Will it be so easy you retain the “ zero concern about changing code” bonus?
records the changes (or absence of change) for files between commits
git also uses “hashes” as it filing system and unit of identity
hashes (or digital fingerprints) give git extra features in terms of verifiable or non-revisable data analysis processes
modern VC systems snapshot the state of all the files in a project, not just individual files (vs. older systems like RCS)
git is a command line program for version control, originally developed by Linus Torvalds. There are others (bazaar (bzr), subversion (svn), cvs, rcs, etc.)

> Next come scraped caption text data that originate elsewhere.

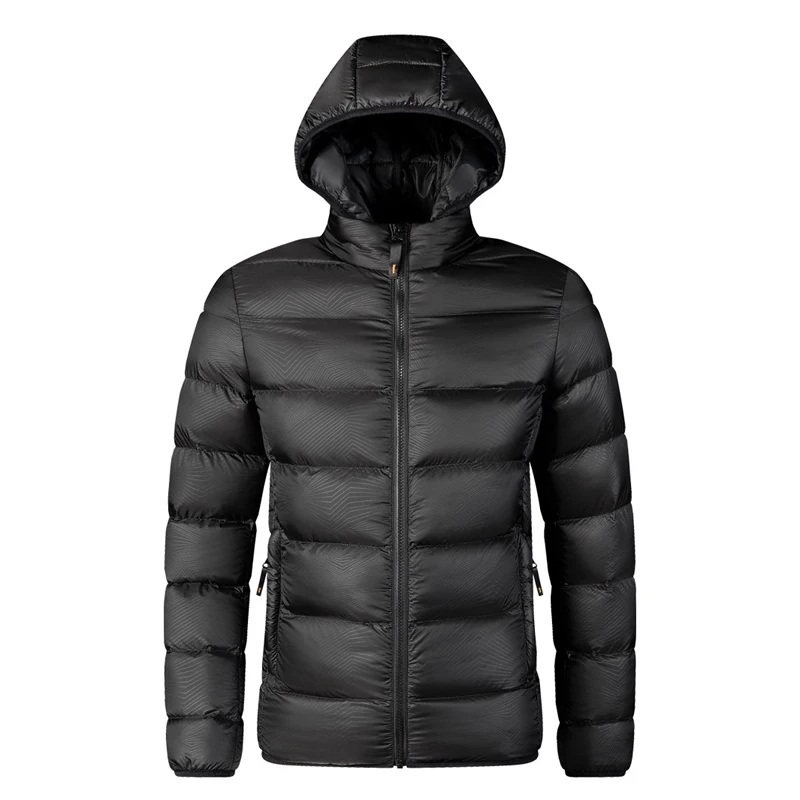 Winter Men Mountain Ski Warm Parkas Fashion Men Cotton Thicken Thermal Down Hooded Coats Men Windbreaker Padded Jackets Clothing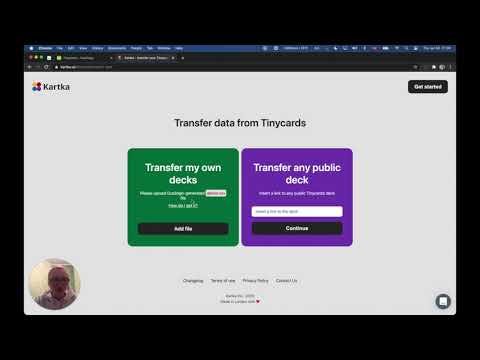 Tinycards-to-Kartka migration tool media 1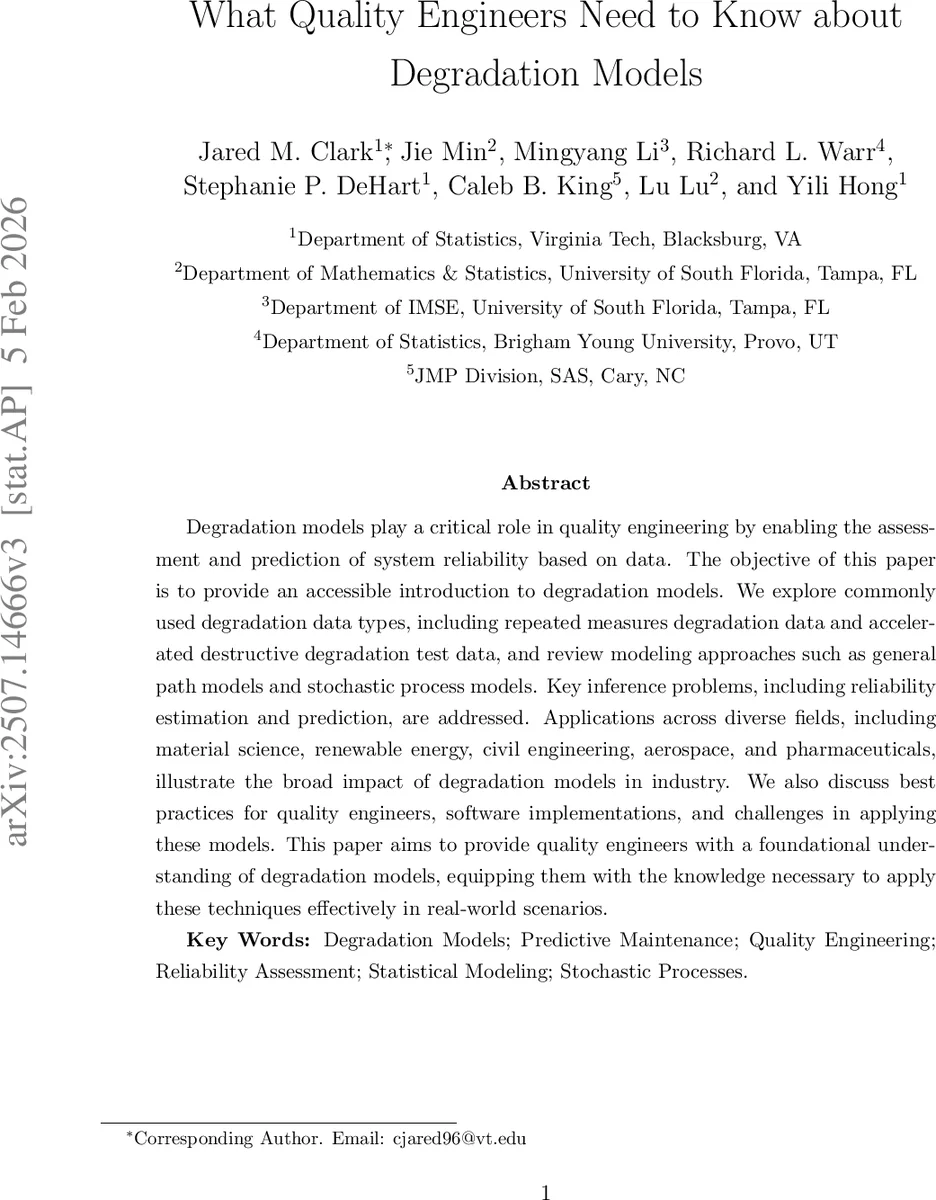What Quality Engineers Need to Know about Degradation Models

GitHub is a company that hosts git repositories on-line with value added features (issue tracking, web hosting, enhanced collaboration)
GitHub Desktop is a desktop application (i.e. user interface) for git (from the GitHub company)
repository - the git files that record all previous versions of a project. Usually a special folder called .git
commit - a particular snapshot of a project at a specific time, exists in a repository
working tree - your files and folders
index - a staging area where the changes to be included in a commit are collected
tag - an arbitrary name associated with a particular commit, e.g. “v0.2.1” or “to-JGRL-20160312”
branch - a distinct series of commits used to isolate development of a particular feature from the main code, or perhaps to isolate incoming non-QA'ed data from the main, QA'ed set of data
fork - a copy of a repository on GitHub, for “unilateral” collaboration
init - create a new empty repository
clone - making a copy of repository, from local file system or remote location via web
push - send changes (commits) from this repository to another
pull - bring changes (commits) from another repository to this one
status - show current status
log - show log of commits
checkout - change some or all of the working tree to match a particular commit or branch
commit, branch, fork - the process of creating one of these things
Add and commit received data files, git confirms they haven't changed (or tracks changes you choose to make)
Add and commit outputs, git lets you know when they change, and when they don't
e.g. your code's finally working, and you want to delete all the junk that wasn't part of the solution.
As well as letting you undo deletions if you need to, git can confirm that the new code produces the same results
git catches unintended changes
zero concern about changing code
back to a working version, or see what changed
Gives you “track changes” collaboration
Reproducible results
Backup and mobility as a side effect
Learning git has wide spread uses
git catches unintended changes
(note: most apply to single user coding, you don't need to be collaborating to benefit from version control)
Jeff Hollister's intro., with cats, as a taste of the command line interface for git
You can install basic git for Windows from https://git-scm.com/
or GitHub Desktop from https://desktop.github.com/
Both install a git command line environment called Git Bash which includes a number of other useful command line utilities as a side effect
git config --global user.name "Terry N. Brown" git config --global user.email "terry_n_brown@yahoo.com" git config --global core.editor notepad
How do you get back to a previous version?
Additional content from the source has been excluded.